The TSCTI represents a massive upgrade from the Pan-Sahel Initiative, a $7 million forerunner that was initiated in 2002 in what Theresa Whelan, US deputy assistant secretary of defense for African affairs, called "just a drop in the bucket" compared with the region's security needs.
In its campaign to justify the increase, the US military has likened the Sahara to the "Wild West", and the Salafist Group for Call and Combat (Groupe Salafiste pour la Predication et le Combat, or GSPC) is its most wanted enemy. On the US State Department's list of foreign terrorist organizations and estimated to have a few hundred remaining members based in Algeria, the group was formed in the late 1990s to overthrow the government in Algiers and create a hardline Islamic state. Its founders broke ranks with the notorious Armed Islamic Group over its policy of killing civilians indiscriminately during Algeria's 1992-99 civil war that left more than 100,000 dead. The GSPC was accused of kidnapping European tourists in 2003 and claimed responsibility for a spate of strikes around the Sahara last year that reportedly killed a total of 40 soldiers from Algeria and Mauritania. But some observers say terrorism in the Sahara is little more than a mirage and that protracted, high-profile US involvement could destabilize the region.
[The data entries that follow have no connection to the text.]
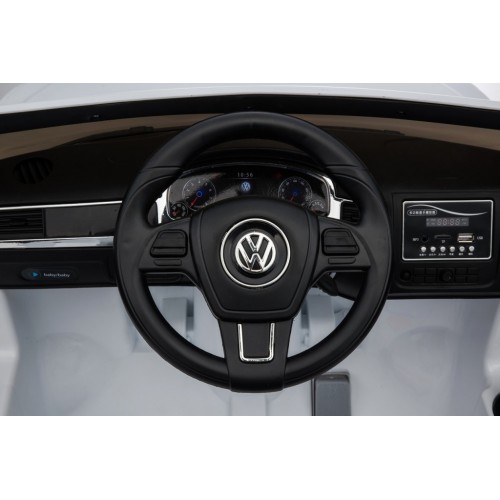 Auto na akumulator Volkswagen Touareg Licencirani  sa kožnim sedištem i mekim gumama 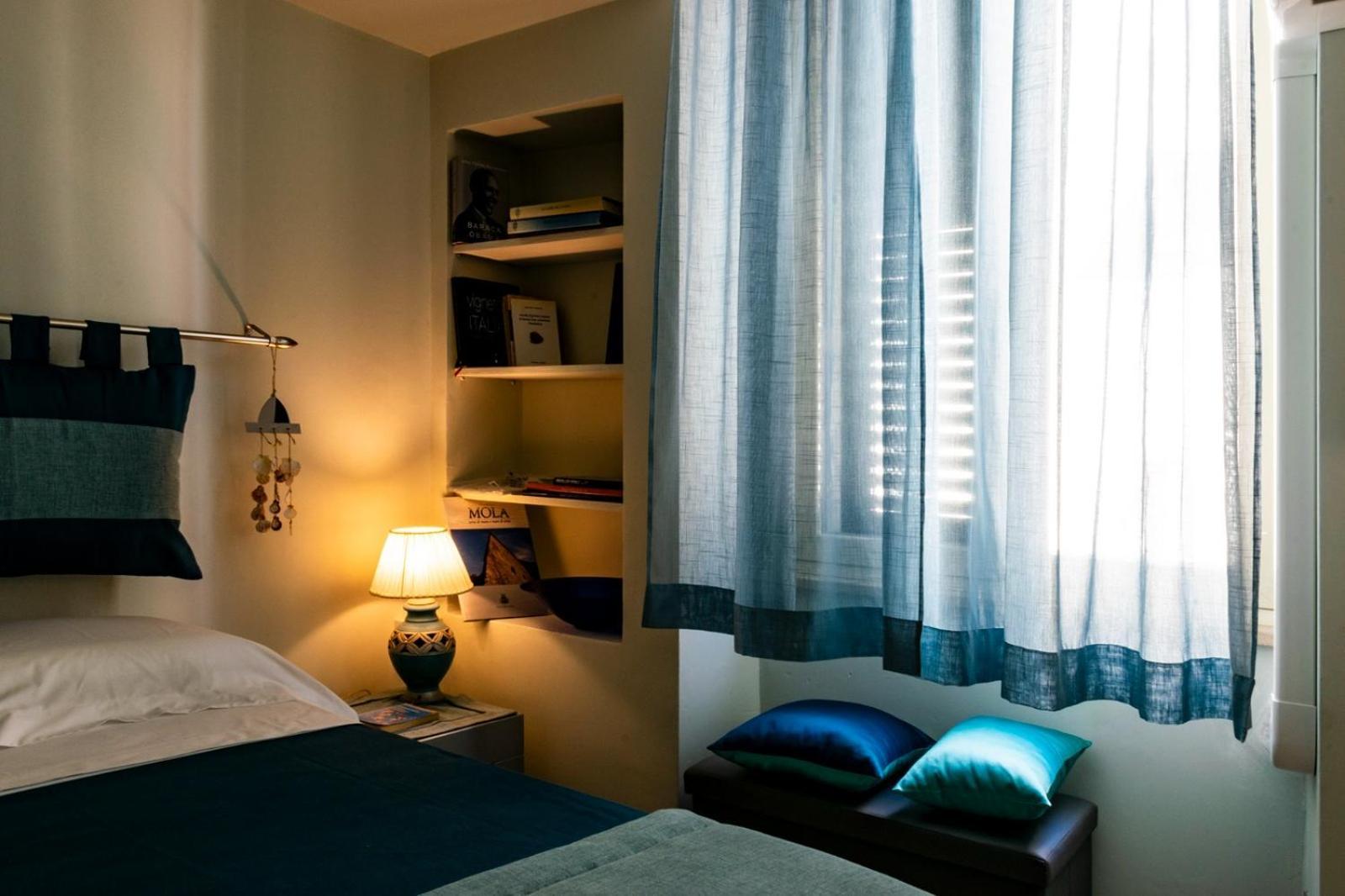 Palazzo Vaaz Apartman Mola di Bari Kültér fotó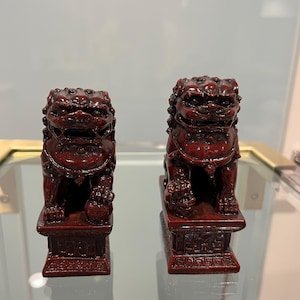 Pair of Chinese Guardian Foo Dog Statues – Red Resin – Protection & Prosperity – Feng Shui Décor – Brand New with Box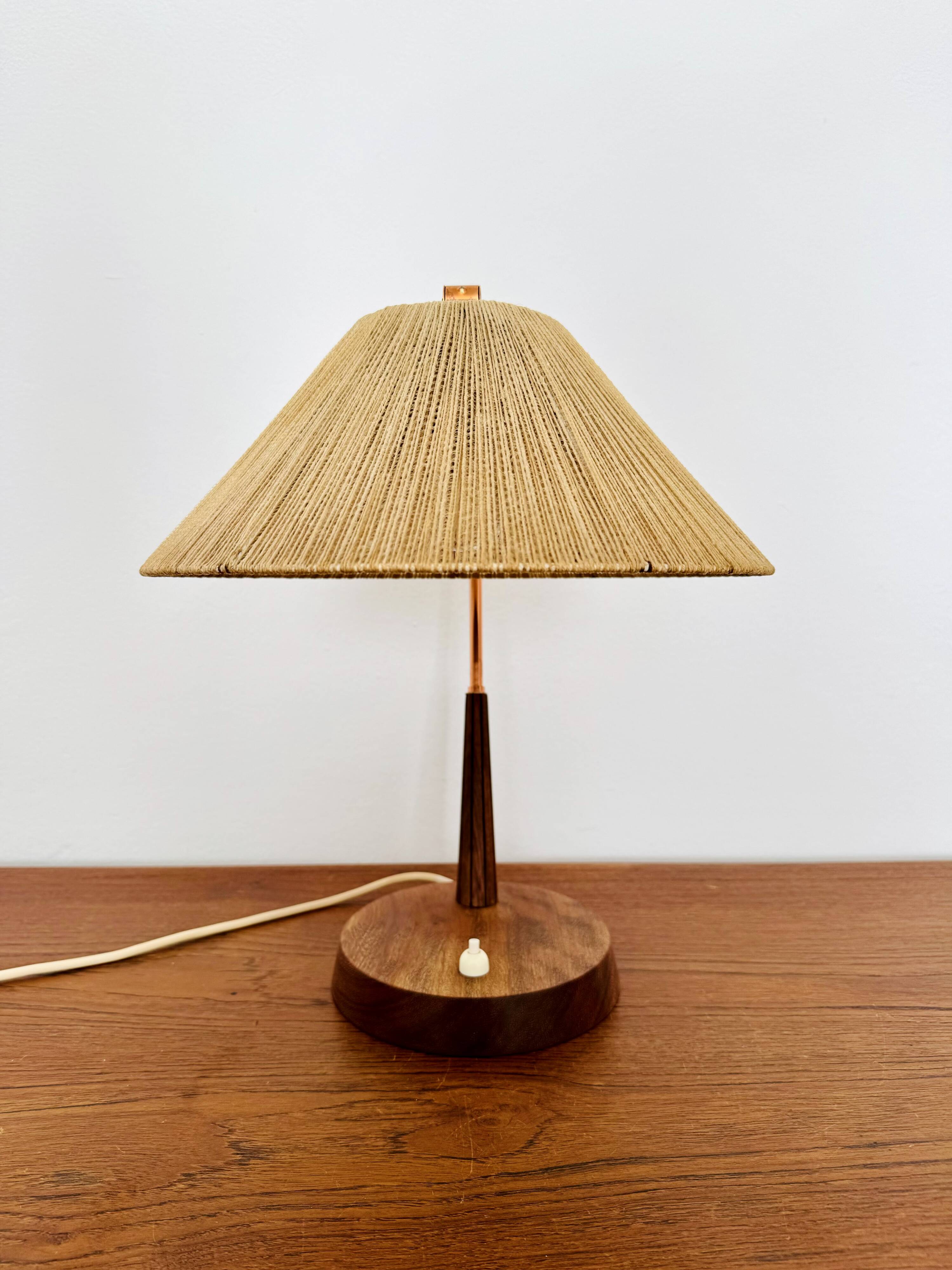 Lampe de table en sisal et teck par Temde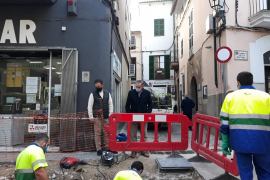 El regidor d'Obres, Jaume Bestard i el batle, Carlos Simarro.
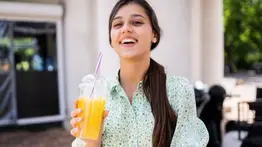 Mantente con energía durante el día con este batido natural rico en vitaminas y antioxidantes: prepáralo en tres simples pasos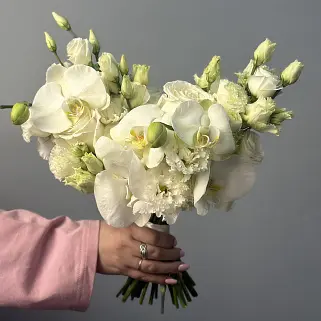 Нежный свадебный букет невесты с орхидеей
"If anything, the [initiative] ... will generate terrorism, by which I mean resistance to the overall US presence and strategy," said Jeremy Keenan, a Sahara specialist at the University of East Anglia in Britain. Aside from the 2003 kidnapping issue, US and Algerian authorities have failed to present "indisputable verification of a single act of alleged terrorism in the Sahara", Keenan insists. "Without the GSPC, the US has no legitimacy for its presence in the region," he said, noting that a growing US dependence on African oil, which the administration of President George W Bush has declared a "national strategic interest", has moved the United States to bolster its presence in the region.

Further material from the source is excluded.